He’s grown a lot just in the last couple of weeks even since I saw him last.

Mark: For sure.

I think he’s not going to be small.

Jill: No.

Mark: Kindrey went out there and she thought she picked the runt of the litter.

He was like half the size of his brothers and sisters, but then we subsequently found out that the runt doesn’t always mean they are going to end up being the smallest.

Sometimes the runt can end up being the biggest.

It just means they didn’t get as much to eat inside the mom but very often they catch up once they get their fair share, so.

Jill: So he just may be a hundred pound dog one day.

Mark: Oh, I don’t think he’ll be a hundred pounds but

Jill: No, most Lab and Retrievers aren’t that big.

Mark: Yeah, he’ll be just probably a good sized, Lab-type size.

Jill: Big enough to take on a run or on a hike.

Mark: Yeah, exactly.

Jill: But not so big that it’s kind of out of hand.

Mark: Exactly.

Yeah, so, anyway, that will be it’s fun, it’s fun.

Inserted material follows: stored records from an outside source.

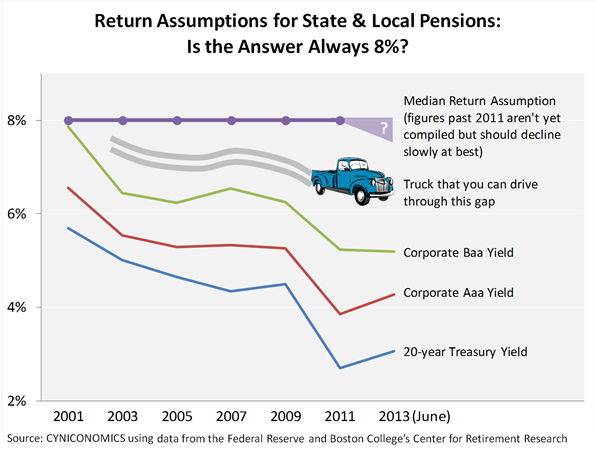 pension assumption chart pension assumption chart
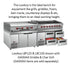 FED 2 large door Lowboy Fridge - LBF150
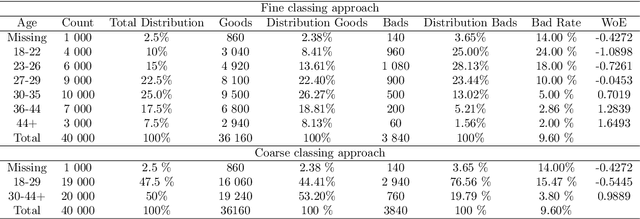 Figure 2 for Learning Latent Representations of Bank Customers With The Variational Autoencoder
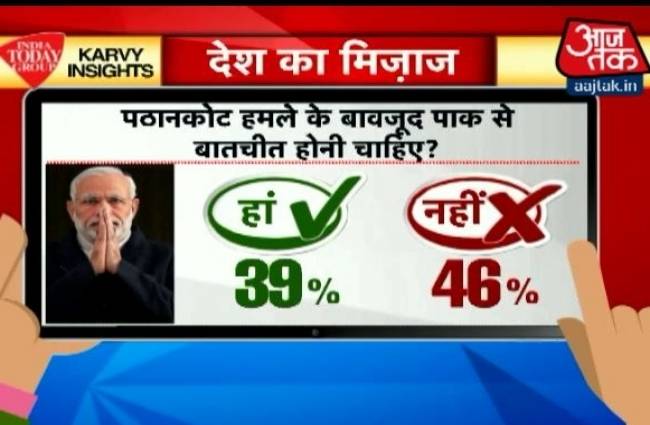 देश का मिजाज: इंडिया टुडे और कार्वी का सर्वेक्षण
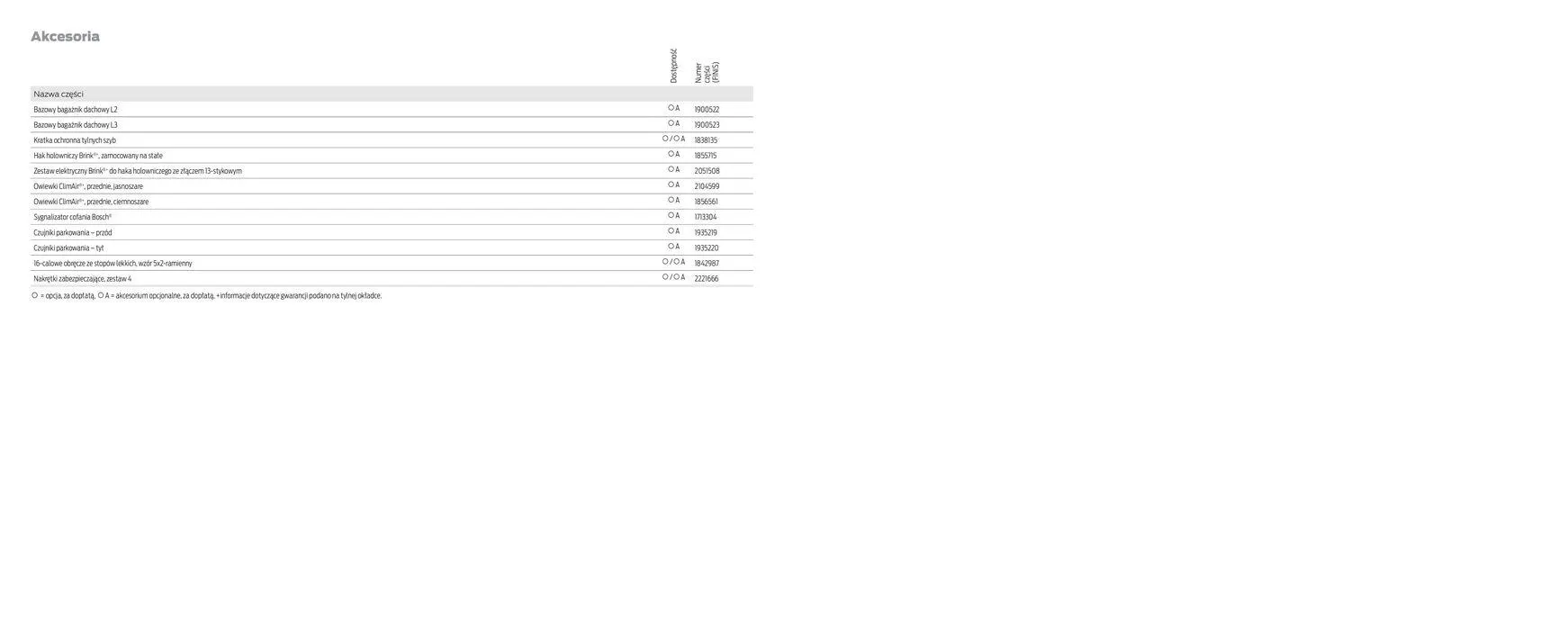 Gazetka FORD TRANSIT od 16 kwietnia do 16 kwietnia 2025 - Strona 41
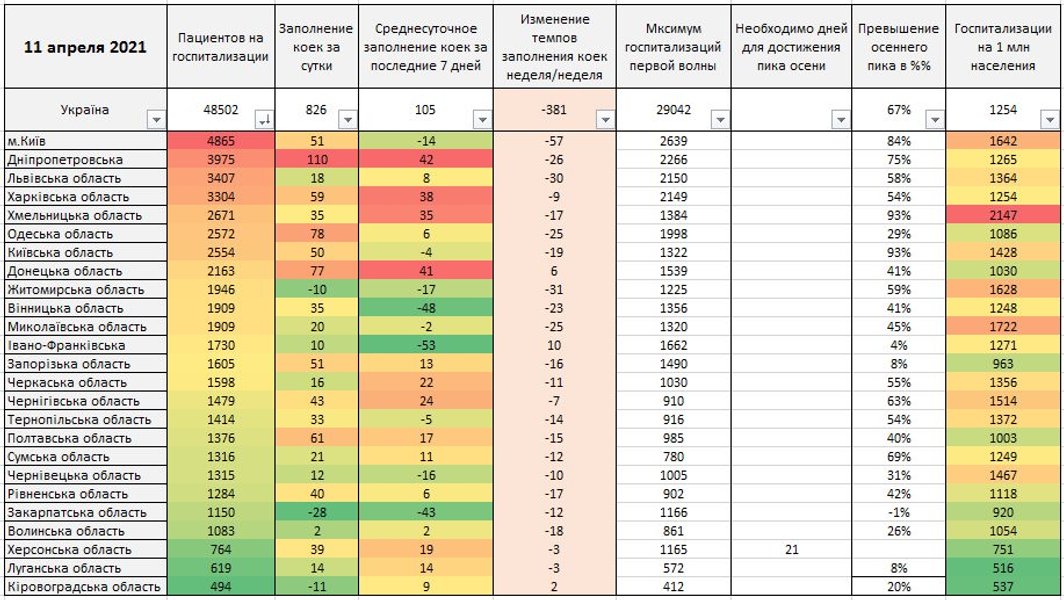 ковид-места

Jill: Now you have a new member of the family for 12 or 15 years.

Mark: I know and it’s amazing how fast they grow.

For all you dog owners out there and I know many of our Linguist members in Japan are probably wondering where my dog pictures are on my blog; I apologize.

I’ve got to get some up there for you to see.

Jill: But you won’t have him dressed in any fancy kimonos?

Mark: No, I won’t.

Jill: Like some of our Japanese members do with their dogs.

Mark: That right.

Boy, I can’t remember who it was now, but it’s amazing some of the detail in the kimono outfits that she makes for her dog.

Jill: Little, little dogs.

Mark: Dogs.

Jill: Dogs I think, yeah.

Mark: I think so, yeah, yeah.

Anyway, that’s a lot of fun.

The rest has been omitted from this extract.